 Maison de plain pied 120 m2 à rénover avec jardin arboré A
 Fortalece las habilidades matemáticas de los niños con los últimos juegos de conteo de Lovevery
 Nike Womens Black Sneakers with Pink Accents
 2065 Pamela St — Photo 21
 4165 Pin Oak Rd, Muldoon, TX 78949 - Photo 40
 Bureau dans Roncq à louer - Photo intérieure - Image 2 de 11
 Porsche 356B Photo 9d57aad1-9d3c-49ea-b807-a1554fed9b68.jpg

==

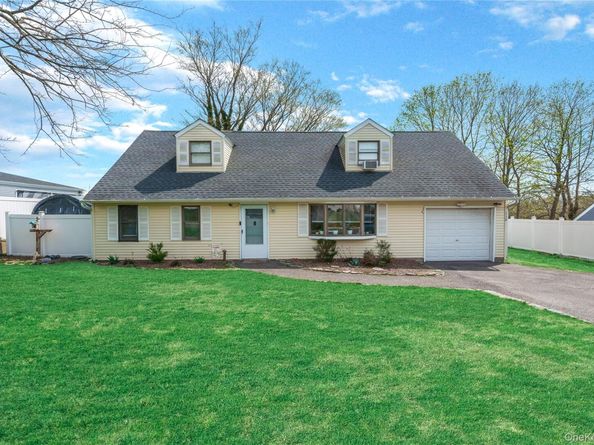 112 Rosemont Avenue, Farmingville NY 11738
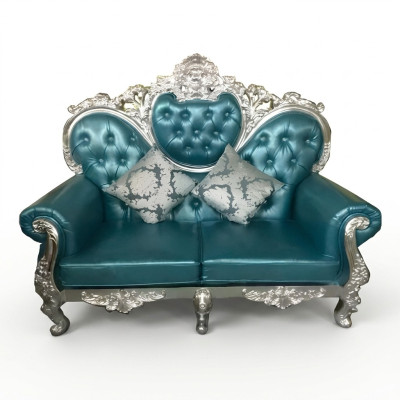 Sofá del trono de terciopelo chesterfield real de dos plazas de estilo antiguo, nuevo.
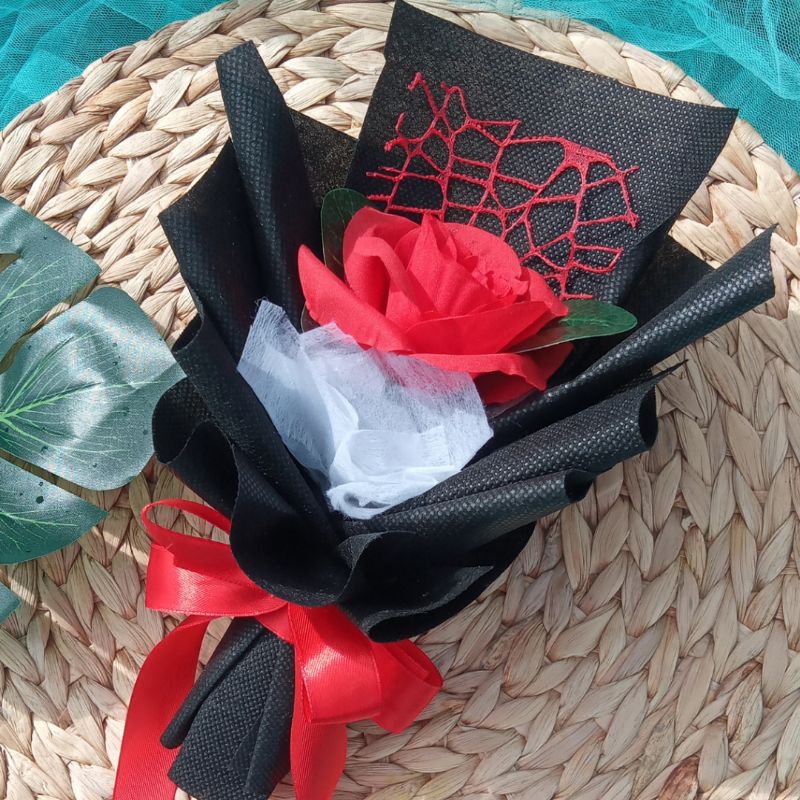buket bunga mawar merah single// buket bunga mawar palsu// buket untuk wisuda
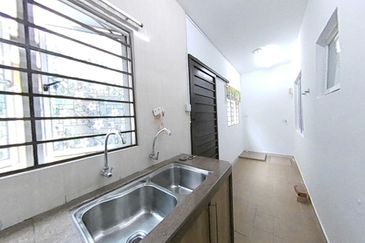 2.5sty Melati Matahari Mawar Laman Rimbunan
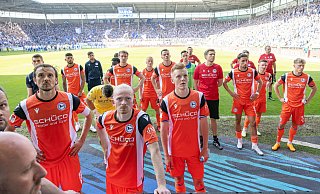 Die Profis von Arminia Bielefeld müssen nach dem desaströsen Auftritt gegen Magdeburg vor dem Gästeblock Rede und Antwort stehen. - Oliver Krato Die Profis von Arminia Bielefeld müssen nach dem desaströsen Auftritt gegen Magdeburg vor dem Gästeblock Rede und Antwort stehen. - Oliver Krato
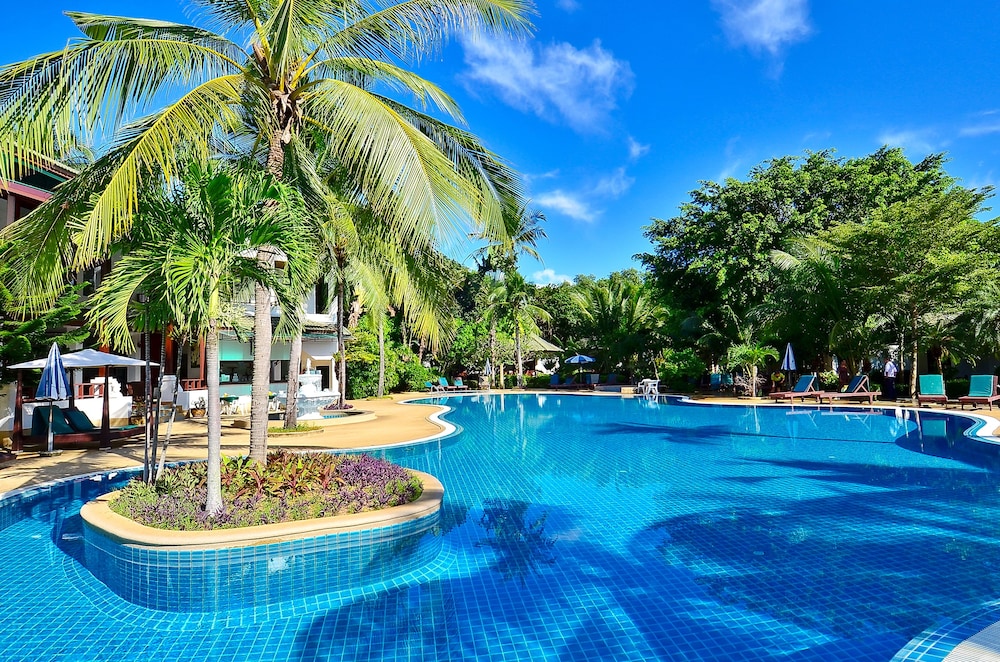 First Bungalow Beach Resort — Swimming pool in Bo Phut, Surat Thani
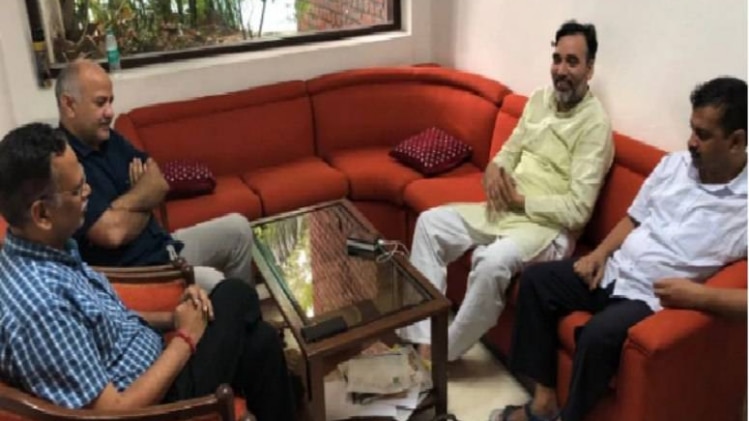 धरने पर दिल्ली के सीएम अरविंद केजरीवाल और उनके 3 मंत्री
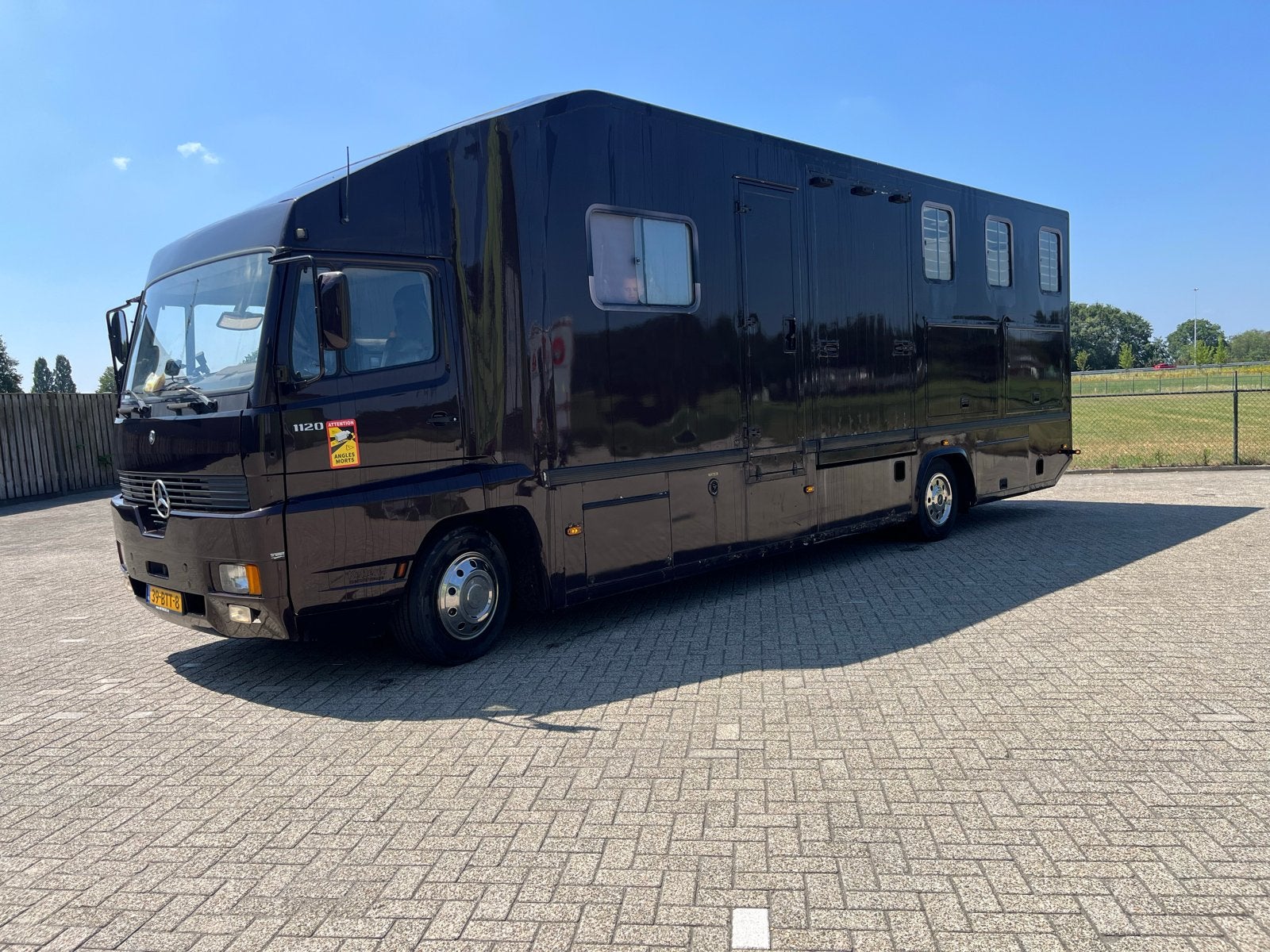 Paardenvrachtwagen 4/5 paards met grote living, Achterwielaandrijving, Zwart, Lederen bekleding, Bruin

WHAT IS NEEDED: Please go through the listing and return each line that has "Photo" in it.

EXERCISE RESPONSE:
 2065 Pamela St — Photo 21
 4165 Pin Oak Rd, Muldoon, TX 78949 - Photo 40
 Bureau dans Roncq à louer - Photo intérieure - Image 2 de 11
 Porsche 356B Photo 9d57aad1-9d3c-49ea-b807-a1554fed9b68.jpg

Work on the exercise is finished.